Monthly Performance Tracking Report ( Total Return as of March 31, 2008)
Model Portfolios: March Y-T-D 12 Mos. 6 Years 9 Years
Performance Xtender -3.5 % -5.9 % -0.9% 104.6 % 337.7 %
Max Xtender -0.3 % -10.36 % -11.1 %

178.5 %

703.1 %
Compared to Traditional Strategy:
Balanced Portfolio (60% stocks 40% bonds) -0.6 % -5.6 % -5.6 % 27.8 % 32.9 %

Dear Subscriber,

This issue of the newsletter includes the following:

Monthly Tracking Report: Get an update on the current performance of our Model Portfolios compared with a traditionally balanced buy and hold portfolio consisting of 60% stock funds and 40% bond funds.

Performance Analysis: See a comparison of the Model Portfolios' performance in Bull Market and Bear Market cycles.

Market Commentary: This month we provide an updated technical analysis of the current market situation.
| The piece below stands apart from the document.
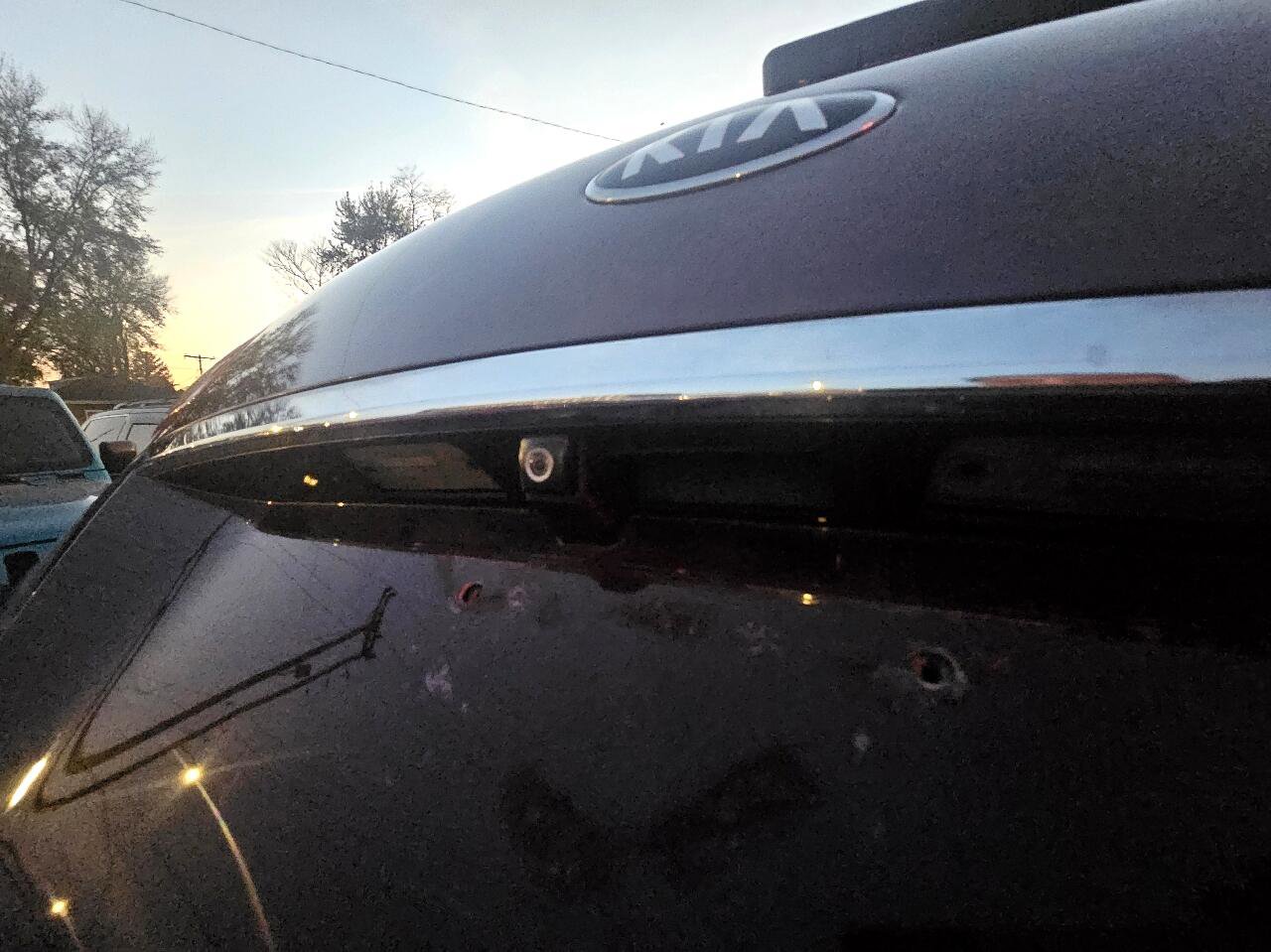 Used 2015 Kia Sedona LX w/ LX Convenience Package image 31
Model Portfolio Allocations: Check the most current portfolio allocations for our Model Portfolios. (Note that allocation changes are announced by email in a separate Trade Alert.)

Performance Analysis

People like to say that "a picture is worth a thousand words." Here we offer two pictures to demonstrate the performance of our model portfolios in two distinctly different market environments:

  • Bull Market performance since October of 2002
  • Bear Market performance from March 2000 to October 2002

Both model portfolios are compared to a traditional "balanced" portfolio allocation of 60% stock funds and 40% bond funds.

Bull Market

Performance Over the Bull Market Cycle:

Both model portfolios have performed as expected over the period. The Performance Xtender has generated a significant increase in gains compared to a Traditional Balanced Portfolio. And the Max Xtender used leverage to generate even stronger performance, although at the expense of significant volatility.

Bear Market

Performance During the Most Recent Bear Market Cycle:

Both model portfolios delivered a substantial increase in value during the Bear Market of 2000 through 2002. By contrast, a "buy and hold" investor ... holding an index fund representing the S&P 500 index ... would have lost about 45% during the 2 1/2 year bear market. An investor with a "traditional balanced portfolio" would have avoided huge losses during the period but still would have suffered a negative return.
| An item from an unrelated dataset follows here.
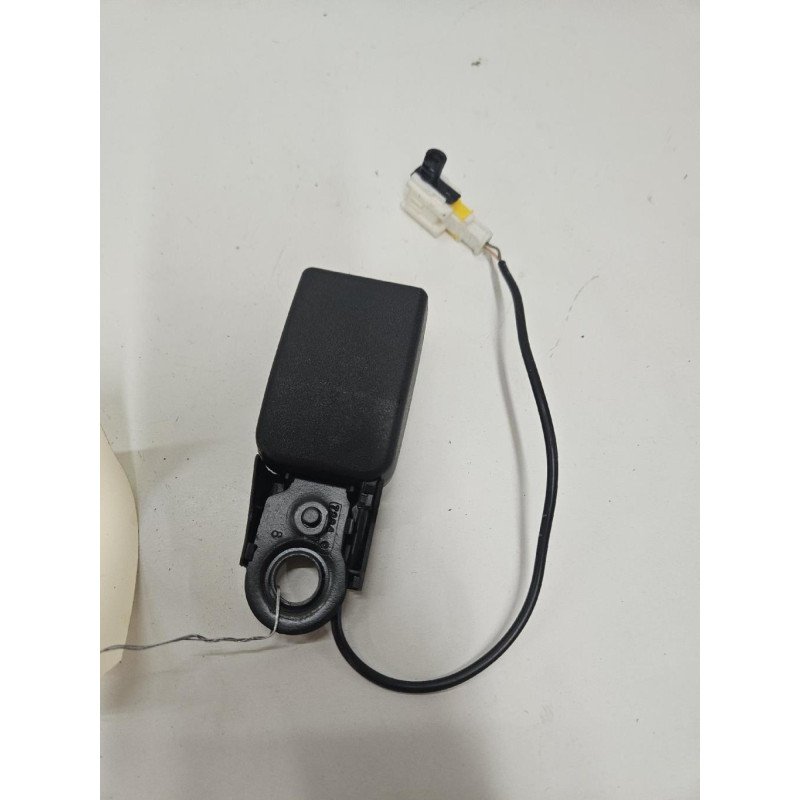 Attache Ceinture Arriere Droit Peugeot Rcz Phase 2 Coupe (1)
The more significant benefit of following these model portfolios can be seen in the longer term ... over periods that are long enough to include two or more market cycles. A 9-year look back period is long enough to include both of the two most recent market cycles. Over this period of time, the cumulative return of the Performance Xtender (based upon a combination of live returns and "backtested" returns from computer simulation) was 337% ... about 10 times the "traditional portfolio" which returned a cumulative gain of only 33% in 9 years. The Max Xtender, which uses leverage aggressively to accentuate gains in both up and down markets, gained about 21 times as much as the traditional portfolio with a cumulative 9-year return of 703%.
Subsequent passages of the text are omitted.